Exercise objective
Below this line is the material. Write out only its lines from the one containing "Hermes Bracelet Jumbo" through the one containing "Bremsbelagsatz, Scheibenbremse Hinterachse FAST FT29121 Bild", both kept, exactly.

::: Data extract :::

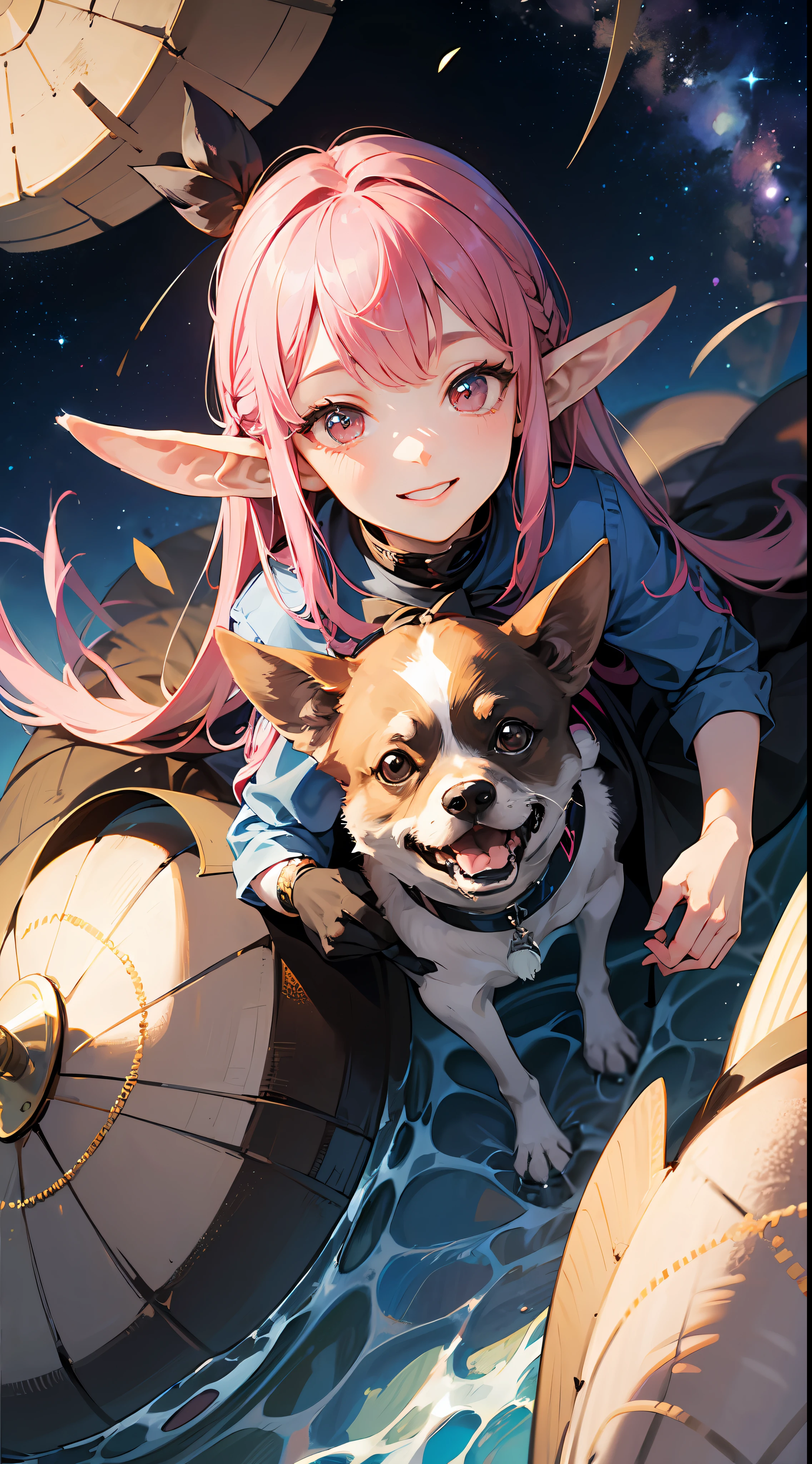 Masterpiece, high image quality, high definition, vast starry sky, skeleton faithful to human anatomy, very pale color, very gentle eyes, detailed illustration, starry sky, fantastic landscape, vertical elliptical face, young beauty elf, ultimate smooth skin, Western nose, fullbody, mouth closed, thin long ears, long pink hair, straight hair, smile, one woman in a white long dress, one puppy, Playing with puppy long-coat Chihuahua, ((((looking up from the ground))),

:::
::: Data extract :::

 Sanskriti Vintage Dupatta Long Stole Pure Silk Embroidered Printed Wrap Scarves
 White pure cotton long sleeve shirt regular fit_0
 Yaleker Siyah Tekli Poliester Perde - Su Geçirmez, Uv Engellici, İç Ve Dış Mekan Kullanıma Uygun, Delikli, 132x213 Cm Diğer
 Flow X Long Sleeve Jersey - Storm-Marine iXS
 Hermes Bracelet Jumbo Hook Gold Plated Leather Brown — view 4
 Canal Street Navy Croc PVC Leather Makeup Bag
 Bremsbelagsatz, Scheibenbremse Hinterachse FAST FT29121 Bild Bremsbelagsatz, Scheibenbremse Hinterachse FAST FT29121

:::

Exercise solution
 Hermes Bracelet Jumbo Hook Gold Plated Leather Brown — view 4
 Canal Street Navy Croc PVC Leather Makeup Bag
 Bremsbelagsatz, Scheibenbremse Hinterachse FAST FT29121 Bild Bremsbelagsatz, Scheibenbremse Hinterachse FAST FT29121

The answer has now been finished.